Death really does come in 3’s – in the space of less than a week in October, 3 young men lost their lives after reportedly partying like rockstars, and, in Davido, their deaths were linked to a very big one.

Tagbo Umeike was OBO’s associate, the two were pictured having drinks and celebrating the former’s birthday a few hours before his demise. DJ Olu’s story was equally tragic, he was found lifeless in a car alongside his friend Chime Amaechi. Olu was one of the in-house DJ’s at the singer’s HKN record label; they’d been on tour together.

What followed thereafter was a nightmare for everyone involved but a wet dream for blogs and media houses, who benefitted from trafficking in speculation about the young men’s untimely deaths. There was talk of alcohol and drug overdose, of police manipulations and Davido being complicit in the whole affair; in no time, Davidogate became arguably the biggest scandal to rock Nigerian music in 2017.

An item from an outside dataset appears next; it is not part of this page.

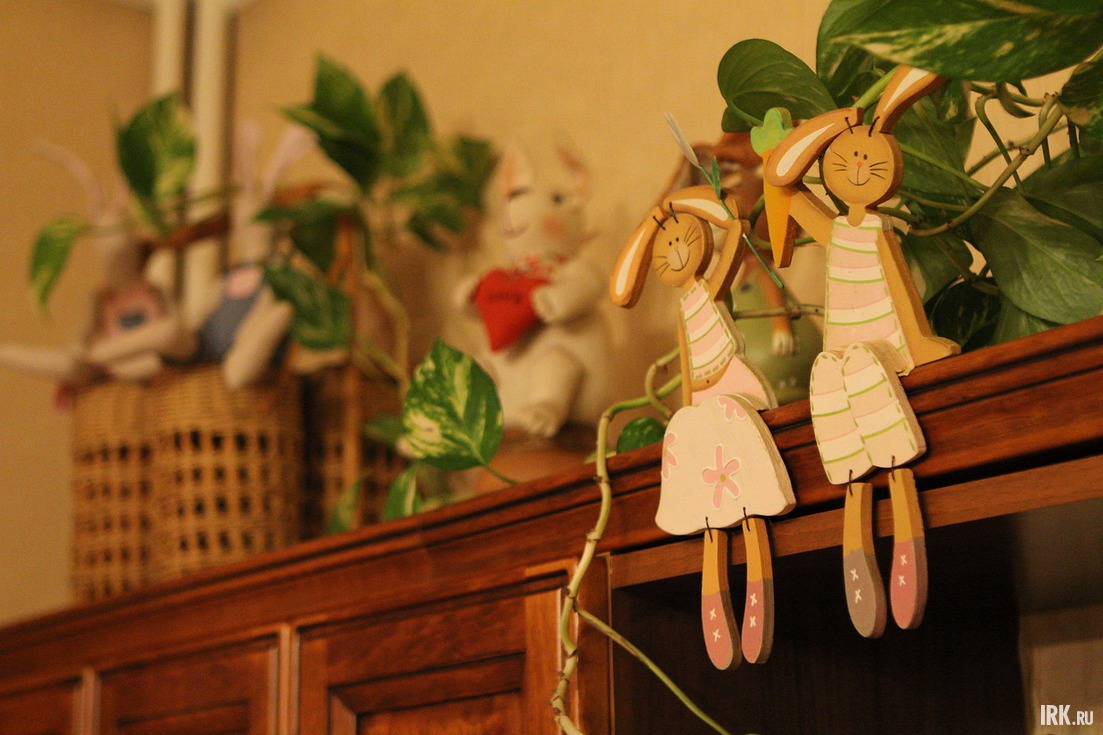 Почти все кролики — семейные. И по дому они расселились парами.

I feel particularly bad for the families. I found myself in an uncomfortable position where I had to exchange terse messages with Tagbo’s sister about an apparently fake autopsy report that was floating around. His death is the most contentious, it’s obvious that Tagbo’s family, his reported partner, ex-Nollywood actress Caroline Danjuma, and the police, suspect Davido knows more about the young man’s death than he is letting on. It’s tough to lose a loved one, it must be even tougher to lose them under questionable circumstances but the toughest thing must be the complexity that Davido’s celebrity adds to the grieving process.

There were initial concerns that the scandal would leave a permanent, cashew juice-like stain on the superstar’s flourishing career, but Davido has proven in the past that whenever he’s surrounded by negative press, he’s able to leverage his music to rise above it all – a hit song can travel halfway around the world while a press release is just putting on its shoes.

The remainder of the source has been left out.